Cinema Dave  Swashbuckling ournalist and

All Hail King Hal !!!....all kidding aside, it could not have happened to a nicer guy....


(Fort Lauderdale, FL, March 29, 2006) Gregory von Hausch, President & CEO of The Fort Lauderdale International Film Festival (FLIFF), has named Hal Axler as the Director of Operations for The Broward County Film Society. Alxer’s responsibilities include the day to day operations for the Annual Fort Lauderdale International Festival, the festival’s year-round art house Cinema Paradiso, The Perrier French Film Festival, Maroone Moonlight Movies, and other special events.

Von Hausch will continue to oversee and be responsible for the entire direction of the Film Society and all events.
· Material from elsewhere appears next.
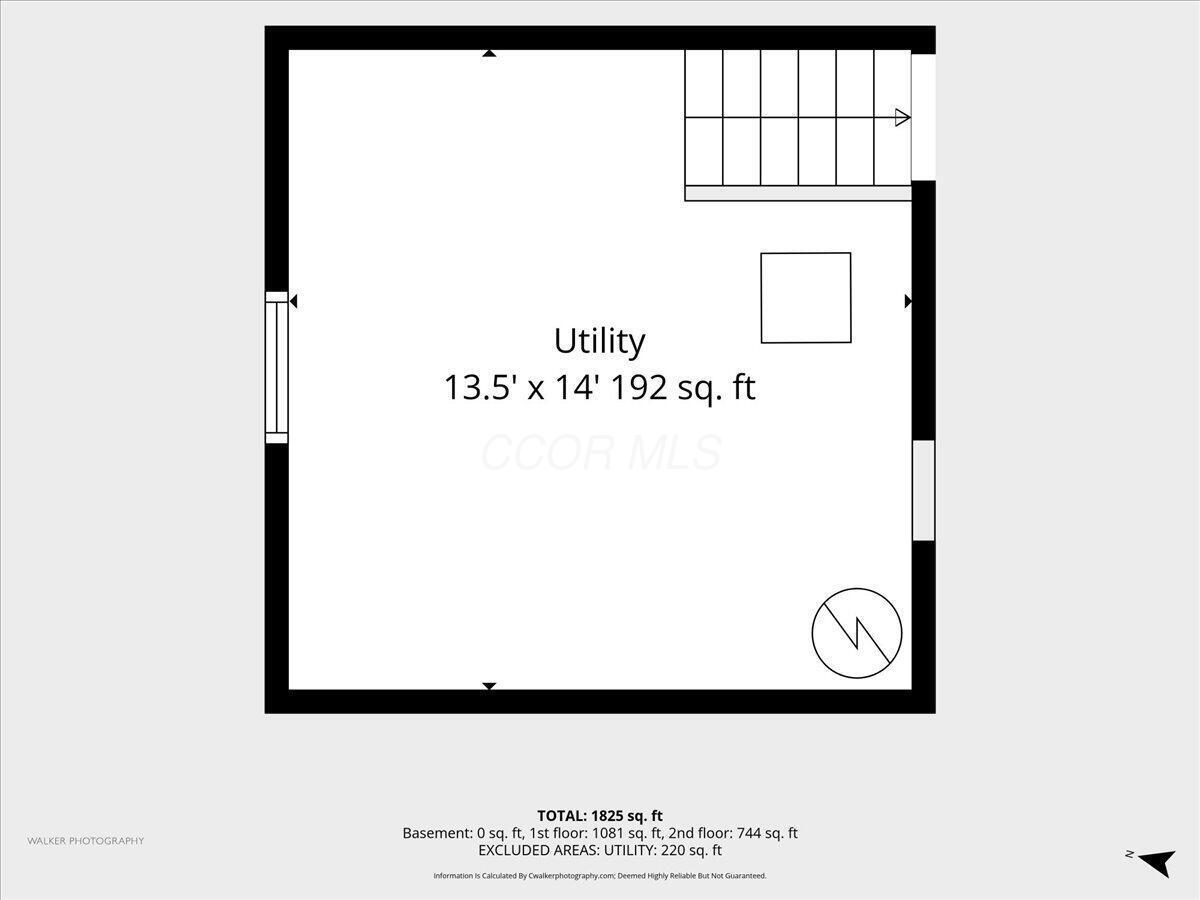 244 Newark Road Property Photo 38
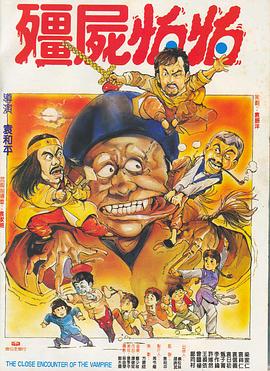 中文字幕一区在线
The addition of Axler will permit Von Hausch to concentrate on continuing to grow and develop the Film Society. Bonnie Leigh Adams will continue to serve as the Senior Program Director, whose success in film selection is second to none. She was praised by press and audiences alike for her film selections during the 2005 Festival.

Axler, the former Executive Director of the Palm Beach International Film Festival (PBIFF) from 2004 – 2005, was responsible for coordinating the extremely successful event that broke attendance records, introducing several new additions to the fest, and received praise by both local and national press. Axler served as FLIFF's Operations Manager during the 2005 film festival. Though interrupted by Hurricane Wilma, Axler’s background with PBIFF was invaluable in helping to coordinate and implement measures that put the festival back on track quickly. His exceptional handling of the festival during this critical time, was Von Hausch’s deciding factor to promote Axler to Director of Operations and the duties of on-going management.
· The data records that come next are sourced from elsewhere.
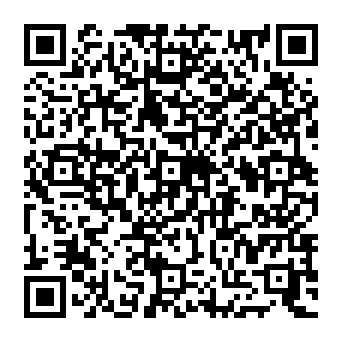 QR 57598b8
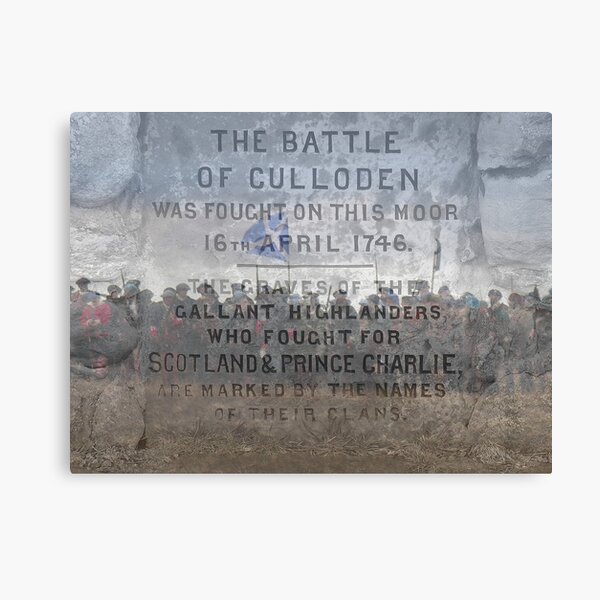 we huvny forgot Canvas Print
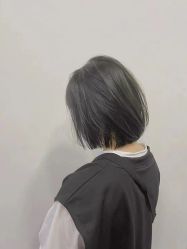 -MRMODE时尚先生美发沙龙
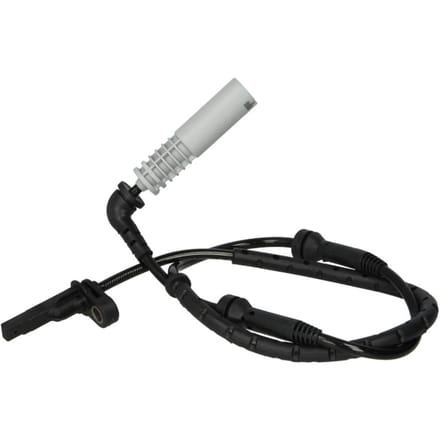 Sensor, wielsnelheid ATE 24.0711-5162.3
The Broward County Film Society, is a not-for-profit 501(c)(3) organization that is the parent organization of Fort Lauderdale International Film Festival (FLIFF) and Cinema Paradiso. Through FLIFF and Cinema Paradiso, year-round independent films and cultural events including festivals, fundraisers, and stage plays are provided that may not be available to experience otherwise in the South Florida Community. They are also dedicated to providing a location for both local and worldwide filmmakers and students to showcase their films.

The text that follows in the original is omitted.